Basada en una notable novela de Marie-Sabine Roger, responde plenamente al modo actual de trabajar de Becker. Se trata de una oda a la vida, que se manifiesta en lugares sencillos -Becker adora los pueblos y la sabiduría popular- y con gente sencilla, con pequeños problemas, con sus pequeñas mezquindades, pero todos ellos retratados como personas amables, llenas de humanidad. La cámara de Becker, llena de ternura, fotografía ese milagro, la improbable amistad entre dos personajes a los que separan 45 años y 50 kilos.

Historia pequeña, pero contada maravillosamente. Becker es un maestro, capaz de dar relieve a las cosas más nimias, que componen la mayor parte de las vidas cotidianas de la gente.

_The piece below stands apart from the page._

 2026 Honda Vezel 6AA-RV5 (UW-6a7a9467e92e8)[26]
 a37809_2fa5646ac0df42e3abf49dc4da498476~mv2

A ello hay que añadir la perfecta elección de los actores: un Gérard Depardieu capaz de hacer de analfabeto sin caer en el ridículo, y la veteranísima Gisèle Casadesus (94 años), encantadora y ligeramente maliciosa ancianita, en la cima de su arte. Entre los dos hacen casi toda la película, que avanza con su presencia y sus palabras -acción propiamente dicha no hay-, despiertan un formidable carrusel de emociones y hacen que el espectador salga de la sala con una sonrisa en la boca.